Pick every line with "Full" from the material below.

Provided material |
····················

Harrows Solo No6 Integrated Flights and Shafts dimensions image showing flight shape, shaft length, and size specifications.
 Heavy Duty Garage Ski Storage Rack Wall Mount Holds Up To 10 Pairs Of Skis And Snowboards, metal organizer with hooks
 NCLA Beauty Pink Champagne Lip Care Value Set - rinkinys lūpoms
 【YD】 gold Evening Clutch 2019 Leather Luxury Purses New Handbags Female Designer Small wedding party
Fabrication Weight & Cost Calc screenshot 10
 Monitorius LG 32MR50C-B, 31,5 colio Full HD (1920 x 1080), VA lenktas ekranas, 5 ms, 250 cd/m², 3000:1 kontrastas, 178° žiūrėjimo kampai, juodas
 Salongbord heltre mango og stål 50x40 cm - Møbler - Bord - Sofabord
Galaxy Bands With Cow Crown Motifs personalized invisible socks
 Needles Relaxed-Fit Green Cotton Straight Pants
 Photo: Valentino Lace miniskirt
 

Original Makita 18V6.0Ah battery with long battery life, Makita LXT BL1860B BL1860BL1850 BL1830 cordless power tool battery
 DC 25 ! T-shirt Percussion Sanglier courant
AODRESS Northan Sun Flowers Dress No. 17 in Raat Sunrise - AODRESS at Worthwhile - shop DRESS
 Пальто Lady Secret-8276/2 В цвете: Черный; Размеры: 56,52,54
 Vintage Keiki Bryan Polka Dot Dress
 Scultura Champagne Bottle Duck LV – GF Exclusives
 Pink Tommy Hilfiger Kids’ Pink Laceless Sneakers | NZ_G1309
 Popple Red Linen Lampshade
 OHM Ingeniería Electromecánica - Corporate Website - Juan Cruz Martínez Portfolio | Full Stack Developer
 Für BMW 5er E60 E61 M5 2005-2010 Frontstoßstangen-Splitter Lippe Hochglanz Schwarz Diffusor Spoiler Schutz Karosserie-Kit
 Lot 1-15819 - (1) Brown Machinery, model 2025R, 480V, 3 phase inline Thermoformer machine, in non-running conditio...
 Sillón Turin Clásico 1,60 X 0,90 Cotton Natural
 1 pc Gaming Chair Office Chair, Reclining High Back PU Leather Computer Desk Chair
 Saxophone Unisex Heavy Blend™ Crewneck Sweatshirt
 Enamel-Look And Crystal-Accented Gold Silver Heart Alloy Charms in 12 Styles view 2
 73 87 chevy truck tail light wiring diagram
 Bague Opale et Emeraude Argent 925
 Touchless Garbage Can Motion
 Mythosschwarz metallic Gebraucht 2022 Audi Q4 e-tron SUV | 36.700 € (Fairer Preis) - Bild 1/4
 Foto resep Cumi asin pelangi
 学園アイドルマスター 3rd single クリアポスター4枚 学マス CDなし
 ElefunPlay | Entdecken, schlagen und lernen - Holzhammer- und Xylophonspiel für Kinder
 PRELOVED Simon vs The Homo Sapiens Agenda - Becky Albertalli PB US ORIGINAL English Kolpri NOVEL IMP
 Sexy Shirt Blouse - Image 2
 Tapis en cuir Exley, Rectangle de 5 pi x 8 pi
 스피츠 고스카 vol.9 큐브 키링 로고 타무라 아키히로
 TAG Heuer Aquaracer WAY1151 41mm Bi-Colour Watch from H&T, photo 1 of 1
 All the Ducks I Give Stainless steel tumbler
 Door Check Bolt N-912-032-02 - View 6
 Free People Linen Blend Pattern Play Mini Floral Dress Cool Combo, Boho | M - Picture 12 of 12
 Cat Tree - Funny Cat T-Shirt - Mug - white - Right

····················

Response below |
 Monitorius LG 32MR50C-B, 31,5 colio Full HD (1920 x 1080), VA lenktas ekranas, 5 ms, 250 cd/m², 3000:1 kontrastas, 178° žiūrėjimo kampai, juodas
 OHM Ingeniería Electromecánica - Corporate Website - Juan Cruz Martínez Portfolio | Full Stack Developer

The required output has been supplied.